Loki cannot receive high volume logs fast enough

Dear Team Grafana Loki,
We have deployed Promtail across multiple servers to push logs to a central Loki instance, with the intention of displaying these logs in the Grafana UI. Our log volume reaches up to 10,000 lines per second at peak times. Initially, we encountered issues with an “empty ring error” due to the KV Store being in “in-memory” mode, which also caused out-of-memory errors when large volumes of logs were received. We resolved this by switching the KV Store to ETCD mode.
While this change has addressed the empty ring error, we are still facing challenges as the logs displayed in Grafana do not reflect the actual volume being sent.
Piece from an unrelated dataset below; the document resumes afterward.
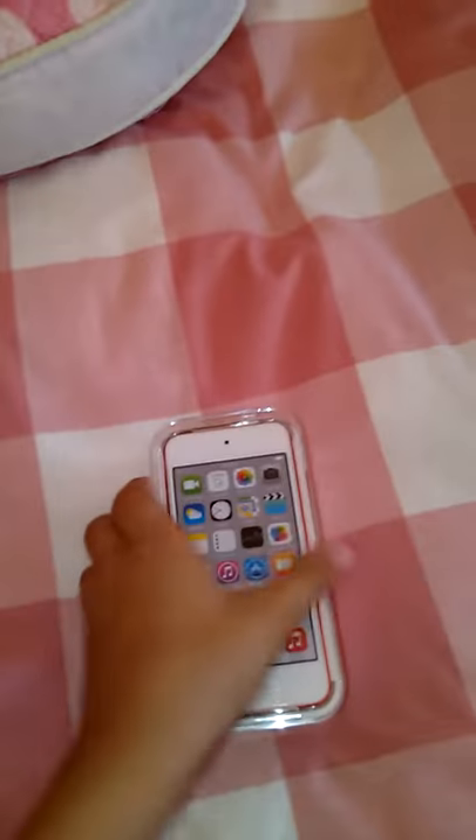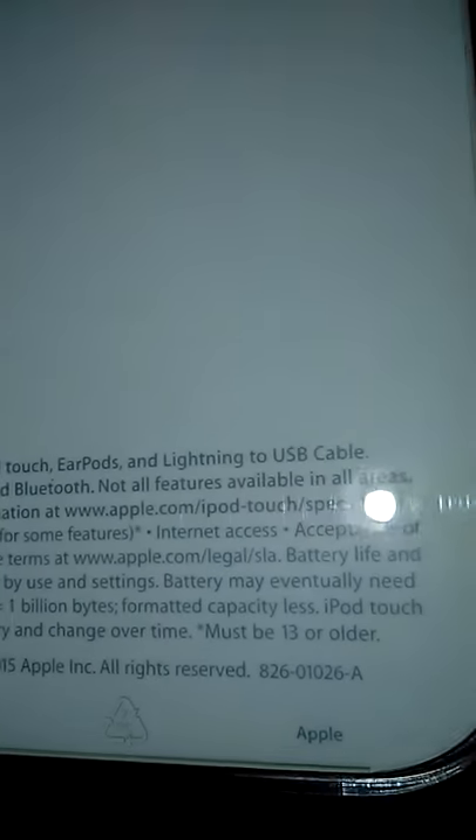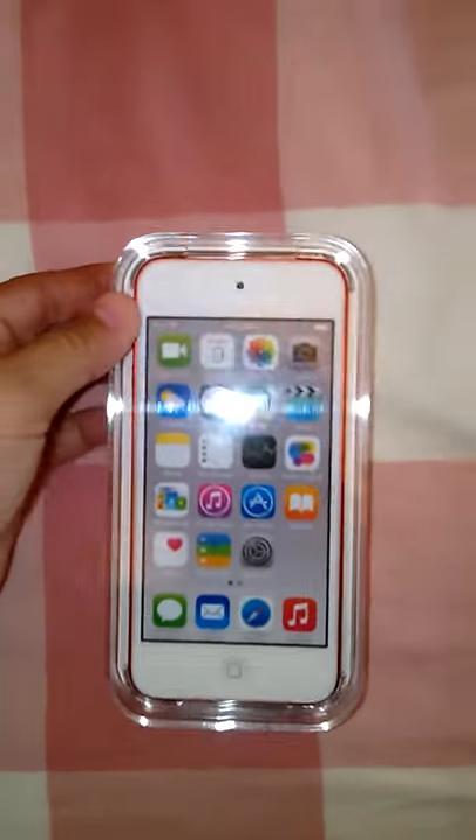This comes with the EarPods and the USB cable — there we go, the Lightning USB cable. So this is how it looks, and I'm going to be unboxing it soon. Hopefully I can get it on video, but yeah, I'm very excited and that's how it looks.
This indicates that Loki is not keeping up with the incoming log volume, resulting in log loss.
There are several approaches have been taken but the error still persists.
The KV Store has change from in-memory to ETCD
The configuration of the loki is shown as follow:
auth_enabled: false
server:
http_listen_port: 3100
grpc_server_max_recv_msg_size: 16777216
grpc_server_max_send_msg_size: 16777216
log_level: debug
common:
path_prefix: /loki
storage:
filesystem:
chunks_directory: /loki/chunks
rules_directory: /loki/rules
replication_factor: 1
ring:
kvstore:
store: etcd
etcd:
endpoints:
-
schema_config:
configs:

  • from: 2020-10-24
    store: tsdb
    object_store: filesystem
    schema: v12
    index:
    prefix: index_
    period: 24h
    query_scheduler:
    max_outstanding_requests_per_tenant: 8192
    frontend:
    max_outstanding_per_tenant: 8192
    log_queries_longer_than: 10s
    compress_responses: true
    query_range:
    parallelise_shardable_queries: true
    align_queries_with_step: true
    cache_results: true
    limits_config:
    split_queries_by_interval: 15m
    max_query_length: 0h
    max_query_parallelism: 32
    ingestion_rate_strategy: local
    ingestion_rate_mb: 32
    ingestion_burst_size_mb: 64
    max_streams_per_user: 0
    max_entries_limit_per_query: 5000000
    max_global_streams_per_user: 0
    cardinality_limit: 200000
    ruler:
    alertmanager_url: http://localhost:9093

table_manager:
retention_deletes_enabled: true
retention_period: 2160h
analytics:
reporting_enabled: false
Even though changing the KV store from In-memory to ETCD has resolved the empty ring error but the server performance is still being poor as the memory leak issue is still persists but due to the uitlization of ETCD, there is no empty issue. The screenshot from zabbix is shown in the comment below for reference on the server memory performance
We are running Loki and Grafana on a virtual machine equipped with 16 cores and 64 GB of RAM.
Could you please provide guidance on further optimizations or configurations that could help us manage our logging needs effectively? The following screenshot is the performance of the server hosted the loki.

I’d recommend you to consider moving to simple scalable mode with an object storage backend.